If people could listen to our thoughts, how liberating that would be. We can’t be blame from thinking whatever that might be.

I miss you my friend, I don’t think I was totally honest with you, just didn’t want to hurt you or even get you bothered or annoyed by my problems. I hope we could talk again someday.
 
I know this thread is meant to be a message to someone who cant read it rather than cant say to their face.

So with that in mind, All i can say is you can read it. You have read it. So Im done talking.
 
I think I get what you're saying and I want to sort things out because you're just that much of an incredible person, but I'm a. not exactly sure how to do that (stay tuned for a breadcrumb trail) and b. yes you've got some 'splainin to do.

So if you're willing, I'm hopeful with not too much Wasabi! :)
 
Oh my GOD ANSWER YOYR PHONE GIRL!

And YOU - Don't do that shit no more man stfu u lying jackass. Liar!!! You'll never stop. You dick.

You putas have ONE JOB holy shit!

:)
 
I'm so scared to go home. Not because I'll relapse (again) but because you won't be with me. Even worse, when I come back here everything's going to change and I'm terrified at how to handle it. Haven't I gone through enough changes? Haven't I sacrificed enough already?

I never meant to hurt you with my actions. All I want is for you to forgive me and love me and I'd give anything for you to be happy again. To not doubt me or what we have. Last night I was smiling like an idiot telling my mom just how much you mean to me and how these past two months have impacted my life and that I love and adore you. Then you called and hearing you say "Hi!" the way you do, and just picturing your smile...fuck...how can a simple "hi" mean so much, say so much?

It's been such a short time but this is home. You are home. I'm sorry for my recent behavior. Clearly breaking old patterns/habits is harder than I thought and you're right - I have to grow up and stop being so selfish. You have no idea how much I appreciate you and everything you've done for me. Truly.
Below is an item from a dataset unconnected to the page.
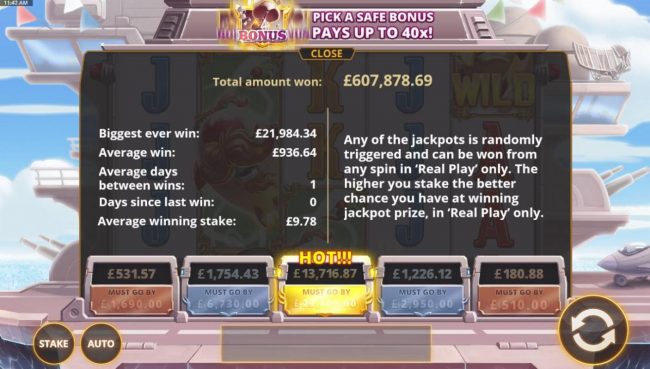 Bonus Stats - Any of the jackpots is randomly triggered and can be won from any spin in Real Play only. The higher you stake the better chance you have at winning jackpot prize, in Real Play only.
Ugh. Idk what else to say. I'm only human, too. Please understand
 
happy holidays pops. its been a while but im looking after myself. ill see you sometime later next year
 
I deeply wish that you rest in peace, stop fooling yourself. You need to know and deal with whatever is going on with you right now, there’s no time for later.
 
Was really good seeing you today and going out to dinner. Still got mixed feelings but it was good times.
 
It's been a while but regardless of where your at I value who you are. I need to learn that reciprocity is sometimes unbalanced and biased, to hold onto disappointment like a splinter of the mind is not healthy and I forgive you now and always.
 
I haven't seen you since August due to circumstances beyond our control. I finally get to spend time with you again this holiday. Going into the new year with you is the best gift I could ever ask for!
The setbacks were a blessing in disguise because now we are stronger and more in love. It was all worth it in the end.

P.S: Get used to wearing protection. If you knock me up, I will cut your balls off. Just kidding...Maybe.
 
Sorry to say it, my friend, but I am genuinely tired of being your friend.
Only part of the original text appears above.